As part of George Saunder’s Substack, we read a famous Hemingway short story, A Cat in the Rain, a quick story about an American couple in a hotel room in Italy. The wife spies a cat in the rain and tries to bring it back to their hotel room. Conversation with the husband and wife follows. In the Substack, we learned about Hemingway’s Iceberg method (I probably learned this in high school but had forgotten). This approach is the defining piece of real literature… not beautiful prose or amazing characters, but the subtle things happening beneath the surface. I remember being amazed as my junior-year teacher showed the symbolism and the true meaning between long passages of conversation.

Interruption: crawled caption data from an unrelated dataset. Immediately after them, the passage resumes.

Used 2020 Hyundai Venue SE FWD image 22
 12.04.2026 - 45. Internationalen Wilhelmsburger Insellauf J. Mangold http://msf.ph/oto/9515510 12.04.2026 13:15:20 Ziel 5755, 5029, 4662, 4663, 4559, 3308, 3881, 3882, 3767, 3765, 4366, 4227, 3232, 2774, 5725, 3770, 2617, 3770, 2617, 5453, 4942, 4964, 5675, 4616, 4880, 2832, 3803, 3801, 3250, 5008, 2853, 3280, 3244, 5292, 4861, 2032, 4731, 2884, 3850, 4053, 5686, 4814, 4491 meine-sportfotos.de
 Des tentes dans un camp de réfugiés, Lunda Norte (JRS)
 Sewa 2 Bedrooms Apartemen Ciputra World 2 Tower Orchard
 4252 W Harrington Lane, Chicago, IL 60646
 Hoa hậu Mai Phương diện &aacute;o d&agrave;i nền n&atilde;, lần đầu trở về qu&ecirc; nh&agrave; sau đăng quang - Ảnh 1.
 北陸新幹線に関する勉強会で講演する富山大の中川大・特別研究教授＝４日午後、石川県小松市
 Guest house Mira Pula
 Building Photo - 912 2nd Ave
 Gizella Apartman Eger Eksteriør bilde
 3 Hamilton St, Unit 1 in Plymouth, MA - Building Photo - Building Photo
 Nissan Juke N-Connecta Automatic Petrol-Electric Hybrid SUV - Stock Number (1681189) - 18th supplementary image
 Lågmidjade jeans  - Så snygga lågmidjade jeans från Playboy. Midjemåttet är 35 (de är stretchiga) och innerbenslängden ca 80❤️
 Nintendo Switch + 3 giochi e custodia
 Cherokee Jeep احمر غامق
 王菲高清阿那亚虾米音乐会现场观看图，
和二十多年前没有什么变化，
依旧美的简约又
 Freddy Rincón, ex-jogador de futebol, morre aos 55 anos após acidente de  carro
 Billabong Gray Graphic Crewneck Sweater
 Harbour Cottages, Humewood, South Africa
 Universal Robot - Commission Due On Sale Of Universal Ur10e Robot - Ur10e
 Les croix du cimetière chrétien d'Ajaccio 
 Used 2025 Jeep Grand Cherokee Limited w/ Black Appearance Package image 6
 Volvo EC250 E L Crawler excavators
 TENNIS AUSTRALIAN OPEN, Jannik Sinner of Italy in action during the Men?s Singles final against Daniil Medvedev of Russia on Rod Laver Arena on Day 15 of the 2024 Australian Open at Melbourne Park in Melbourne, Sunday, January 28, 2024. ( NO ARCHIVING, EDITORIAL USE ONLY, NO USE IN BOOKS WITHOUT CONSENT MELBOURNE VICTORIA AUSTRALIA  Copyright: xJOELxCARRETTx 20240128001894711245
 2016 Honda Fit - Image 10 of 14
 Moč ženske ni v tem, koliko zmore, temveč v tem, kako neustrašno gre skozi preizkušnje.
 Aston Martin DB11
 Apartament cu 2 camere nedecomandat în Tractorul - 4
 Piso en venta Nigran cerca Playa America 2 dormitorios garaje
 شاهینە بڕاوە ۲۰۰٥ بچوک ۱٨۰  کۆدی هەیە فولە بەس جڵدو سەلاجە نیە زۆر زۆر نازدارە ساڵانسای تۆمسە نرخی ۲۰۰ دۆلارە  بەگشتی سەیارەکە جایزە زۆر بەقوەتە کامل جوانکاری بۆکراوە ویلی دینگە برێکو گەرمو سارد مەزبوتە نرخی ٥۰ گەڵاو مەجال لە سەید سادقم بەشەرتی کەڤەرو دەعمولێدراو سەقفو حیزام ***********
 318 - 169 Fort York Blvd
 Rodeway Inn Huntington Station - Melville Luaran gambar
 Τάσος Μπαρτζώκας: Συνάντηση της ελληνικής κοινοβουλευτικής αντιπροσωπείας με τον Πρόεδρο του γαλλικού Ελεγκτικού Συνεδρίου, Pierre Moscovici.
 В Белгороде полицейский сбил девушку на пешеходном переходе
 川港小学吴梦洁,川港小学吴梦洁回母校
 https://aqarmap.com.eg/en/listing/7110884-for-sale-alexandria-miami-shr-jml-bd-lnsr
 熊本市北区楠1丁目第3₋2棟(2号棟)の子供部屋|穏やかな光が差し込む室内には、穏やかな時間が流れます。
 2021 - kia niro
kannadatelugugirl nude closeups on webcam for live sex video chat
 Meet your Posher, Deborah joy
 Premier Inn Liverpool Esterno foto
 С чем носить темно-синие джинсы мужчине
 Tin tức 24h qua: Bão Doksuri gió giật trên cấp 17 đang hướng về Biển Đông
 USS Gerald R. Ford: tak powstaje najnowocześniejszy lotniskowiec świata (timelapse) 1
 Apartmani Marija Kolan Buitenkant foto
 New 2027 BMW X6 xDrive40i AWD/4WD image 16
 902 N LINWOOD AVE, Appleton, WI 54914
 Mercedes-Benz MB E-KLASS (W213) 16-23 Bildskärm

Cat in the Rain inspired me to pick up Hemingway’s short stories. I haven’t gotten through all of them; I focused on the pieces that were mentioned repeatedly as classics. Works like The Killers, My Old Man, The Snows of Kilimanjaro. Three of them really stuck out: The Short Happy Life of Francis Macomber, Indian Camp and Two-Hearted River. Macomber is damn fine Hemingway, set in an African Safari camp with two rich hunters and their guide. The dialogue, the way women are portrayed, the gossipy spousal cheating, the depiction of the violent hunts, the perspective of the lion were incredible examples of Hemingway at his best. And the title supports a fantastic arc. All of this in 23 pages.

Indian Camp moved me. A super short story about Nick Adams (Hemingway’s semi-autobiographical recurring character) visits a Native American settlement with his father. His father, a doctor, is trying to help a woman in labor. Written with short, declarative sentences, dialogue that sounds slightly off (Hemingway dialogue sounds funny to me, I assume because of the century between when the story was published and now), and Nick Adams as the limited and flawed narrator. The next short story I wrote, about a young boy living on an old landfill, is an homage to this style.

Two Hearted River contains vivid descriptions of the natural world, fishing, making camp. And more icebergs. The story is about the horrors of war and how truly damaged the young men returning from WW I feel. Nick Adams (again!) isn’t referred to as a veteran, but he hikes long distances with a full pack and relates to the world like a veteran would. There is a long passage about a swamp on the other side of the river that must relate to war, although I can’t fully understand it.

I’ve listened to a podcast about Hemingway as a companion to the stories. One True Podcast, a play on the old Hemingway line “Just write one true sentence…” discusses many of these short stories with various guests. The host is quite good, and it’s like a light version of an English Lit class. I’ve found that reading a story once, then listening to opinions/analysis of the story via the podcast or other online resource, then reading the story again is helpful. The stories are quick reads; this is a reasonable task.

Coming back to Hemingway via these short stories has been wonderful. They are quick dives into mastery. I now fall into the camp that Hemingway did his best work early on, these stories and his first real novel, The Sun Also Rises. I like some of his later work as well, but they don’t have the same crispness.